The odor of burning ivory permeates, does not change the fate
of fallen beasts but some nations pass laws to cease the trade.
Since poachers have killed for the largest tusks,
in Africa, females from birth are sometime born without –
[tusks] genetic path or evolution, nature’s way to decrease worth
and therefore survive?
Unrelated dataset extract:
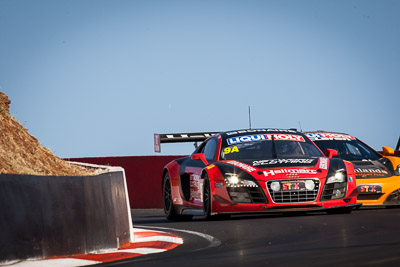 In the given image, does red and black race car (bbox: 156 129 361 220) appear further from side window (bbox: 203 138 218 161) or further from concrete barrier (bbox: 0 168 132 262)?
concrete barrier (bbox: 0 168 132 262)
Though at what cost as they mourn
all who were lost at the hands of man…
Perhaps elephants dream of a world without ivory.
Julie A. Dickson
Exeter, NH
---------------------------------------




Harvest

Moonlight carries me
into the night, but if I am right
creatures who emerge watch
from shadows, notch of tree.
They sense my presence in the unknown,
wish me gone, forest theirs till dawn,
to forage, wander and seek,
willing trespasser not to speak -
breech the unspoken treaty
between us, move forward I must.
I continue on under harvest moon
bathing light over forest gloom,
deep in thought, I listen to night,
not without sound, my footsteps resound
through a loud crunch of leaves
forest dwellers wait, I believe,
patiently for me to pass,
driven to gather, they rather rejoice
under harvest moon’s bounty
no need to rush, there is plenty.
Julie A. Dickson
Exeter, NH


----------------------------------


How Can it Be?
I long for a joy that somehow evades,
get caught up with others, but always in trade,
at such a high cost, I remain under cover,
question what it is I must discover.
My heart feels heavy, longing, but scarred
leftover feelings, from your arms I was barred.
I speak often of love, to be somebody’s jewel,
but instead,. D at times I have been played as a fool.
How can it be, I still have not found
to be certain, the path over well-worn ground,
I’ve traveled and tested my heart once again,
in vain, I see no one to call my true friend.
Perhaps in the end I have only myself
set aside, overlooked, china doll on a shelf
covered in dust, forgotten, dismayed
glass-empty eyes recall times being played,
fancied, yet briefly, my heart was to blame
the need was so great until the time came
that again I saw clearly, not as it seemed,
I was shocked into waking up from a dream.
Then I sat up in wonder, heard no clever phrase
to whisper I warned you, I awoke in a daze,
alone still I wander, the solemn nights weep
unfortunate choices, I drift into sleep.